**YOUR OBJECTIVE**
Please output the entries that follow exactly, without a single image.

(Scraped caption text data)
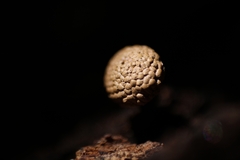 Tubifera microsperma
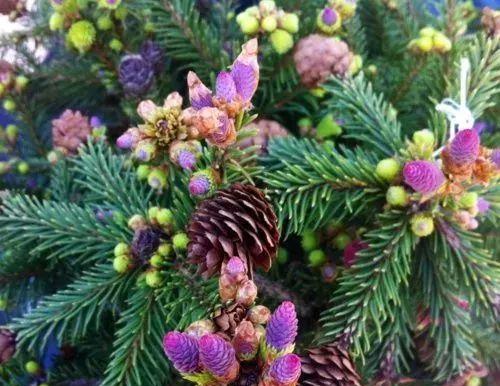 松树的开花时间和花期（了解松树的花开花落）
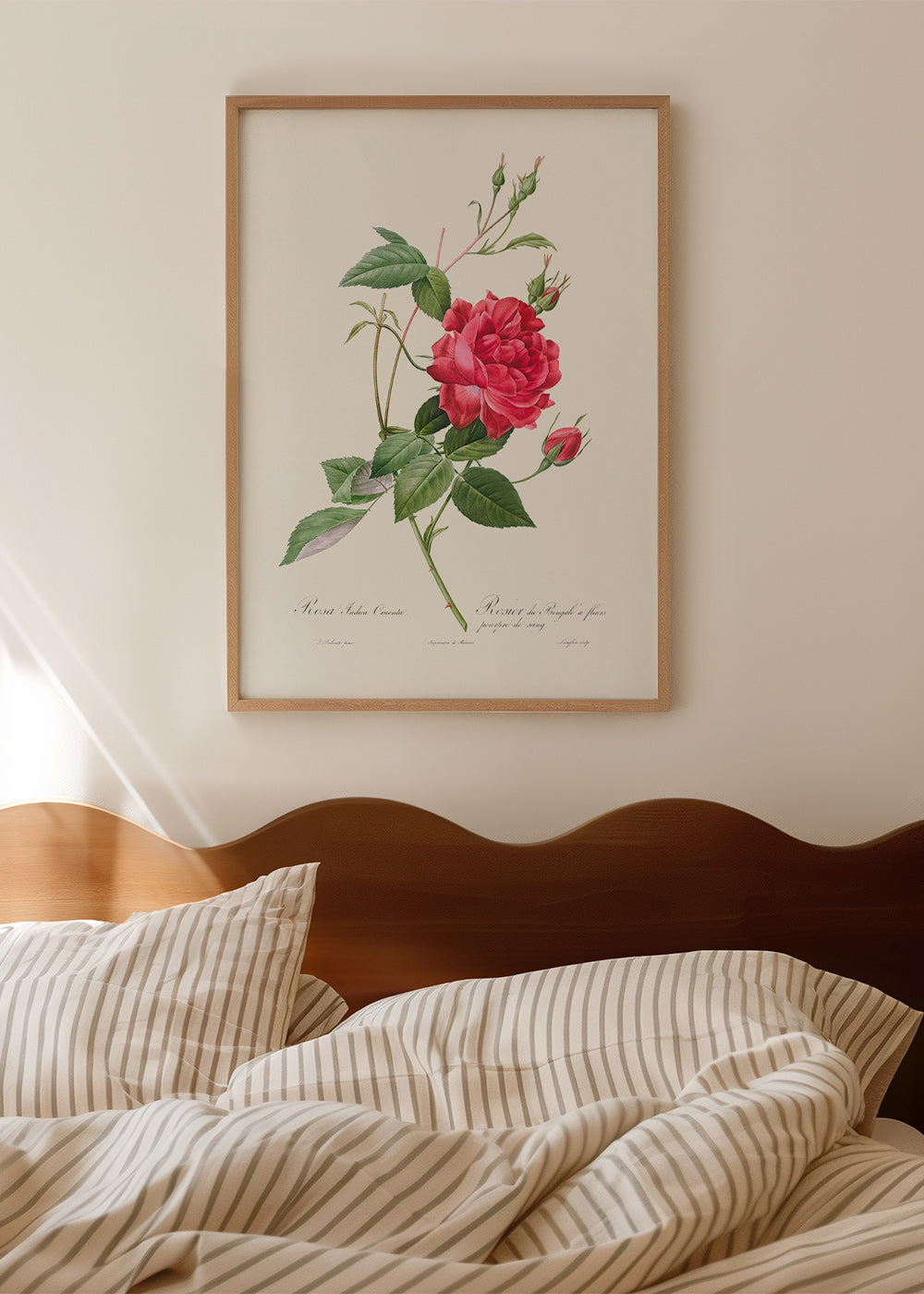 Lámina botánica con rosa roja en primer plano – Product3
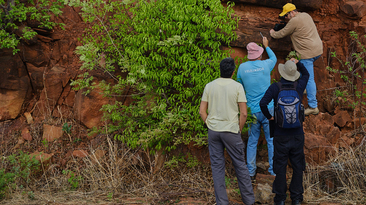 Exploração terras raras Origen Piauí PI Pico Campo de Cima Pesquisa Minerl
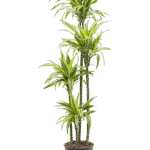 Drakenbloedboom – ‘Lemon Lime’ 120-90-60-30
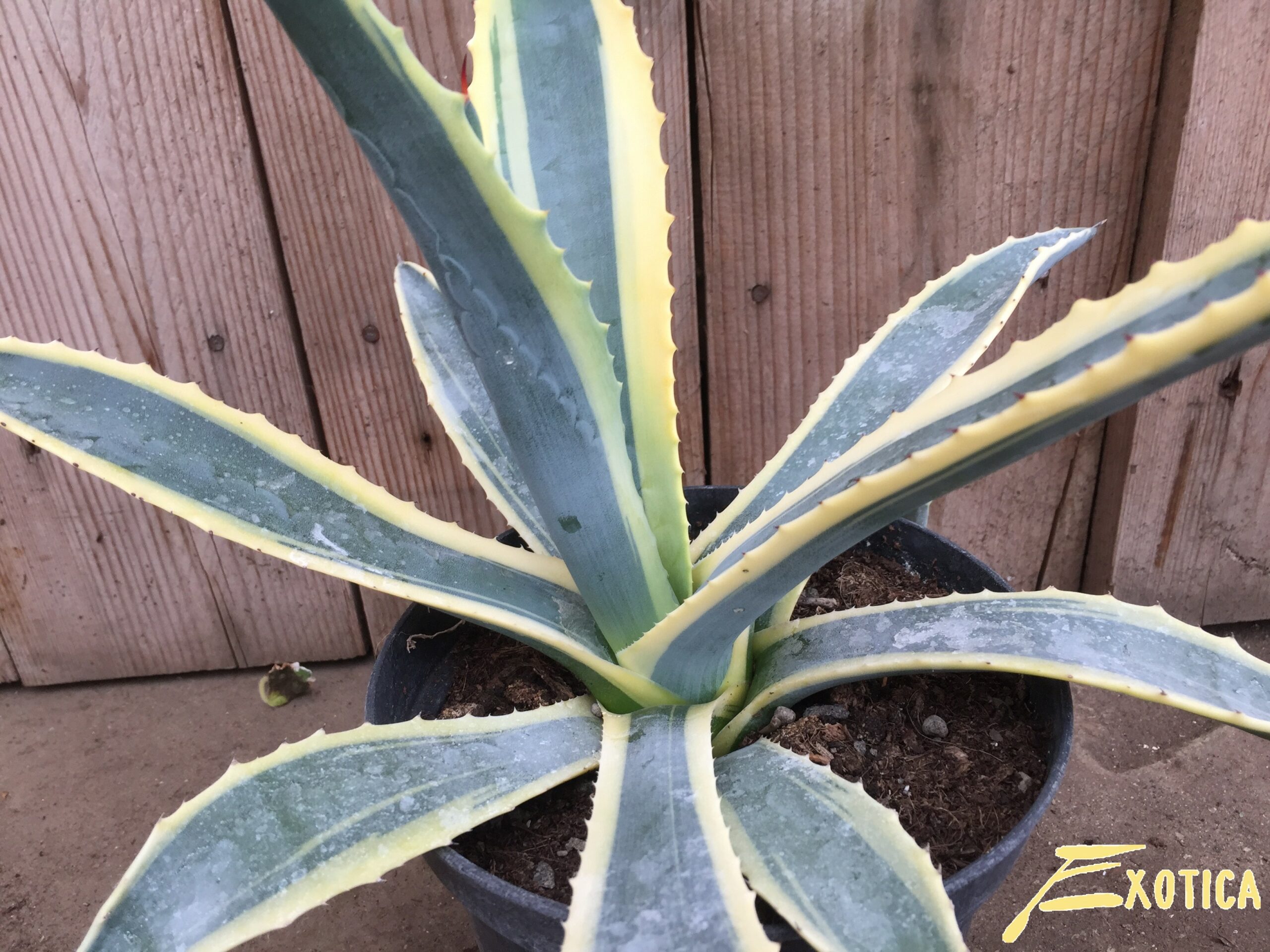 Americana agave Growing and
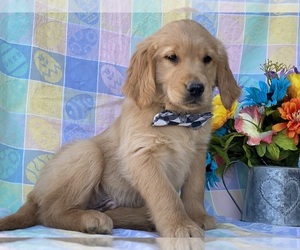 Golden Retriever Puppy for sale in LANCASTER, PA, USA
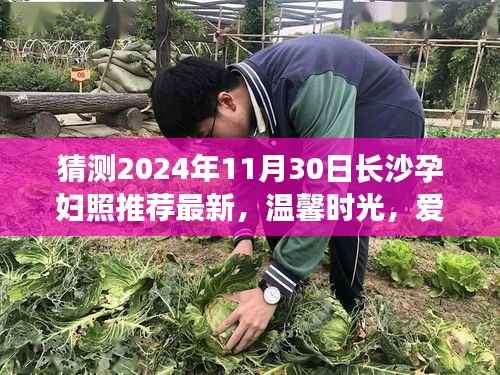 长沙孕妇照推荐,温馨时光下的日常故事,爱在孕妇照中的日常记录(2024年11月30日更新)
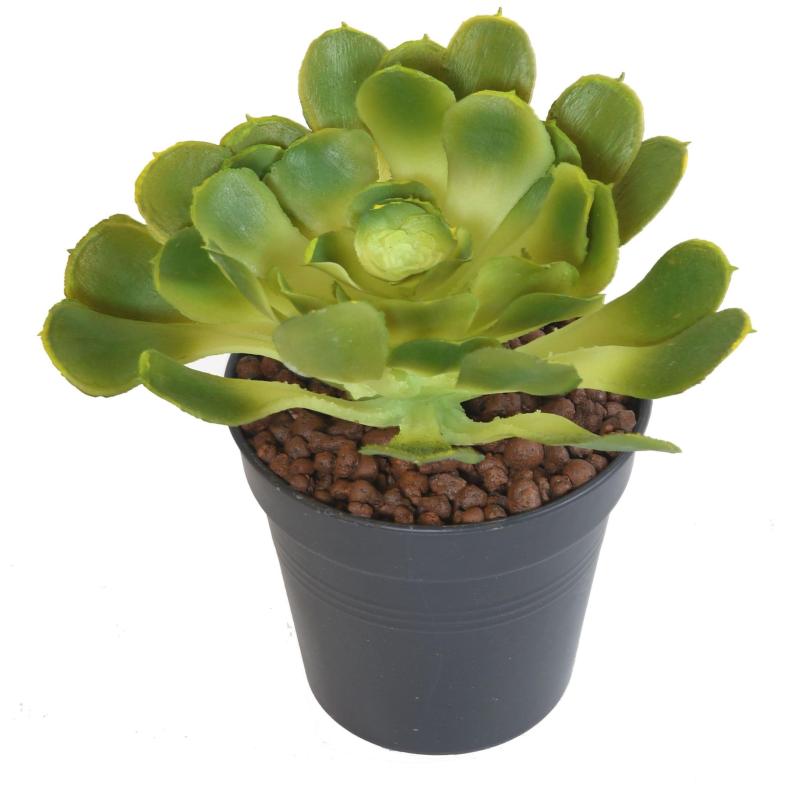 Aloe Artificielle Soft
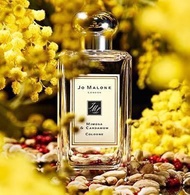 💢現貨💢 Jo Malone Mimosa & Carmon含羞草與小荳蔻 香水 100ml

**RESULT OF THE TASK**
 Tubifera microsperma
 松树的开花时间和花期（了解松树的花开花落）
 Lámina botánica con rosa roja en primer plano – Product3
 Exploração terras raras Origen Piauí PI Pico Campo de Cima Pesquisa Minerl
 Drakenbloedboom – ‘Lemon Lime’ 120-90-60-30
 Americana agave Growing and
 Golden Retriever Puppy for sale in LANCASTER, PA, USA
 长沙孕妇照推荐,温馨时光下的日常故事,爱在孕妇照中的日常记录(2024年11月30日更新)
 Aloe Artificielle Soft
 💢現貨💢 Jo Malone Mimosa & Carmon含羞草與小荳蔻 香水 100ml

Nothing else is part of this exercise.